The biggest portion of the sale came from a semi-liquid private credit fund marketed to U.S. retail investors called the Blue Owl Capital Corporation II, which will stop offering quarterly redemption options to investors, reigniting debate over whether stress was beginning to resurface in one of Wall Street’s fastest-growing corners.

“This is a canary in the coal mine,” Dan Rasmussen, founder and adviser at Verdad Capital told CNBC. “The private markets bubble is finally starting to burst.”

The broader concern is that years of ultra-low interest rates and thin yield spreads encouraged lenders to make riskier moves, financing smaller, more leveraged companies at yields that appeared attractive compared with public markets, market watchers said.

“Years of ultra-low rates and ultra-low spreads and very few bankruptcies led investors to go further and further out the risk spectrum in credit,” Rasmussen said. “This is a classic case of ‘fool’s yield,’ high yield that doesn’t translate into high returns because the borrowers were too risky.”

Private credit, which are generally direct loans made by non-bank lenders to companies, have ballooned into a roughly $3 trillion market globally.

When times are good, cashflows cover normal redemption requests.
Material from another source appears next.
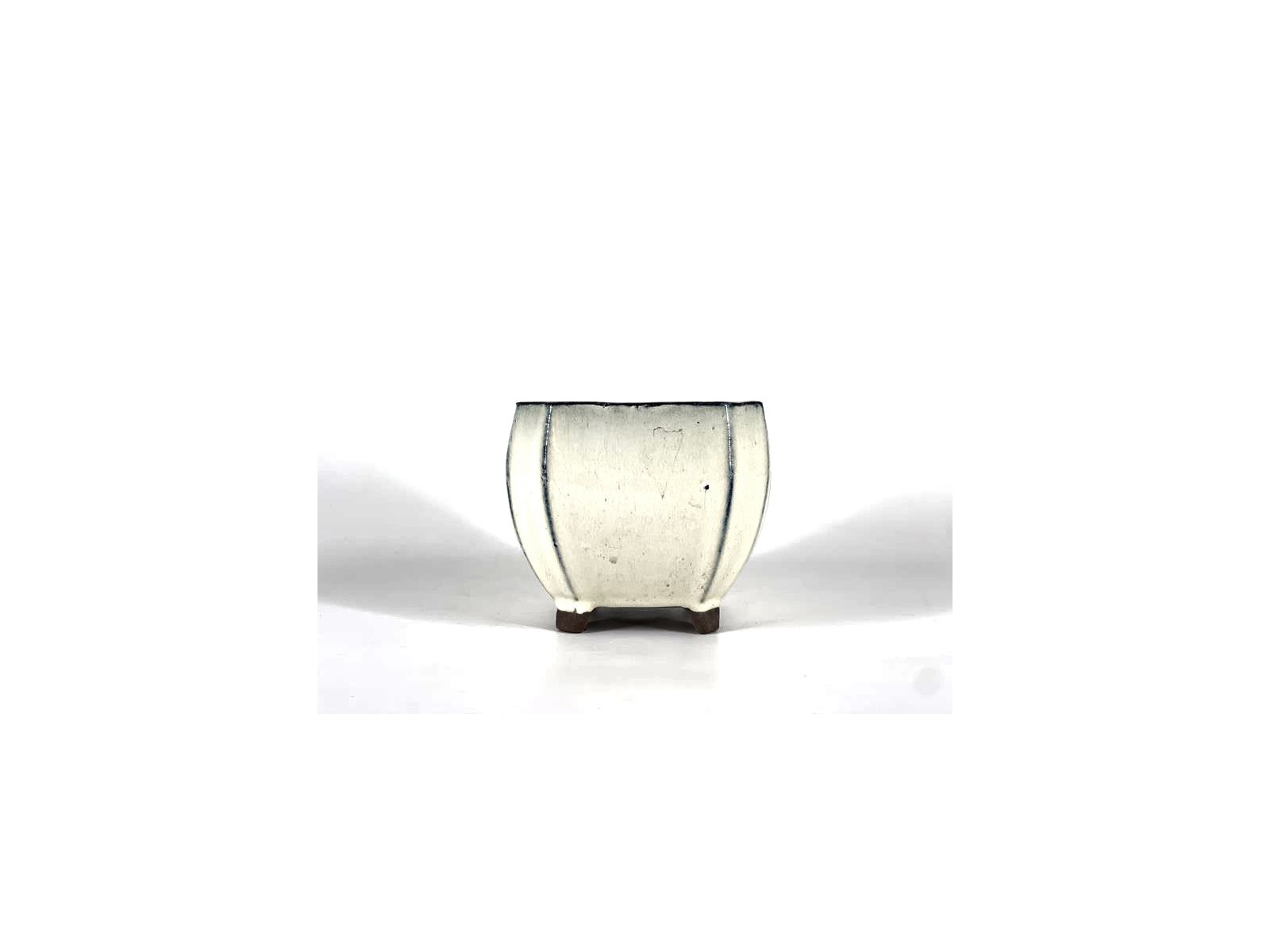 Tiesto cuadrado 9,5 cm crema BG218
When times are bad, requests surge and it becomes a race to the bottom.

Publicly traded business development companies, or BDCs, which are investment vehicles that lend to small and mid-sized private companies and are a major part of the private credit market, are increasingly funded by retail investors rather than institutions, according to Duke University’s Fuqua School of Business. 
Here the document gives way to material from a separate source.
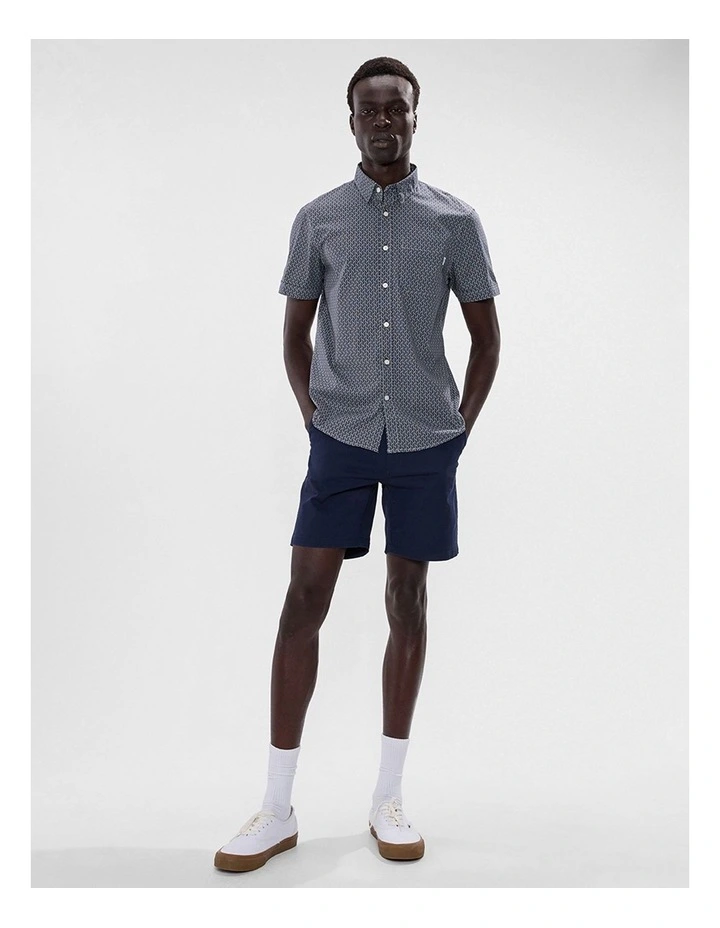 Horse Code Shirt in Navy Multi image 2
The Fuqua research, which was published last September, showed that institutional ownership of BDC shares has steadily declined over time, falling to about 25% on average by 2023.

“This trend indicates that retail investors are playing an increasingly large role in supplying equity capital to publicly traded BDC,” the researchers pointed out.

In 2025, the eight largest members of the S&P BDC Index offered dividend yields which can go up to 16%, with Blue Owl’s at over 11%. For comparison, the S&P Global’s U.S. high yield corporate bond index 1-year, 3-year and 5-year returns stand at around 7.7%, 9% and 4%, respectively.

“The majority of loans in private credit funds that individual investors tend to own, they’re high yield loans. They are, by their nature, somewhat risky,” said Guy LeBas, chief fixed income strategist at Janney Montgomery Scott.

“Over the course of the cycle, you can anticipate some material defaults across these funds,” he added.

Rising risks?

Private credit concerns recently resurfaced after investors grew uneasy that AI tools could disrupt traditional enterprise software models, a major borrower group of the industry, adding to existing concerns in over rising leverage, murky valuations and the possibility that isolated borrower stress could reveal deeper systemic weaknesses.

The First Brands Group collapse last September brought to fore risks in private credit after the heavily leveraged auto-parts maker ran into distress, highlighting how aggressive debt structures had built up quietly during years of easy financing. 

The episode heightened fears that similar risks could be lurking across the market, prompting JPMorgan CEO Jamie Dimon to warn that private credit risks were “hiding in plain sight,” warning that “cockroaches” will likely emerge once economic conditions deteriorate.

The fundamental problem private market deals have is multi-year commitments that don’t line up with quarterly redemptions, said Michael Shum, CEO of Cascade Debt, which builds infrastructure software for private credit and asset-based lenders.

“When times are good, cashflows cover normal redemption requests. When times are bad, requests surge and it becomes a race to the bottom,” he said.

Blue Owl did not immediately respond to CNBC’s request for comment.